We suspect terrain more challenging than sandy tracks and the occasional berm would eventually flummox the big, boxy Ford. But in general, the Timberline dismissed the light off-roading we put it through with a simple smack of the gums and a confident "I got this." Most SUVs find their way into parking lots at malls and covering ground between home and the kids' soccer practices, but you can expect the Timberline to do more.
A real do-it-all machine?
If all you ever really need to do is take the kiddos to camp and back, the Expedition has you covered there, too. The interior space is cavernous, sure, but put third-row seats down and slide the second-row seats forward, and you're granted access to 63.6 cubic feet of cargo space. If you need room for even more, dropping the second row gives more than 100 cubic feet of free air to work with. It's like having a whale's mouth on wheels, easily swallowing whole whatever you might need to throw inside.

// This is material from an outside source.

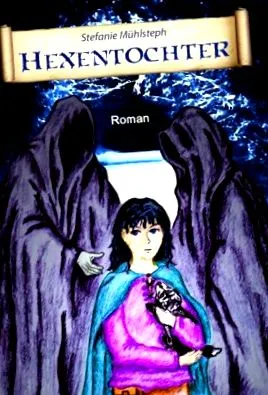 книга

It's hard to find an honest-to-goodness do-it-all machine these days. Most cars, trucks and SUVs present some sort of compromise, and the same is true of the Expedition, the most obvious of which is its size. It is ma-hoo-sive, and this isn't even the extended-wheelbase model (which isn't available in Timberline guise). Parking in cramped city lots results in an anxiety-inducing amount of seesawing at the wheel and razor-thin margins between the truck's exterior and those pesky parking spot lines.
Another con is the price. At $79,860 as tested, the Expedition Timberline ain't cheap. It's one of the most expensive Fords you can buy, and that might give potential buyers some pause. At the Timberline's base price of just over $72,000, it's an almost perfect deal. But at nearly $80,000 with add-ons, this is one pricey machine. We think buyers who have that kind of free cash will also have other options swirling around in their heads, too, but they should bear this in mind: The Expedition Timberline does almost everything well, something we rarely get to confidently say.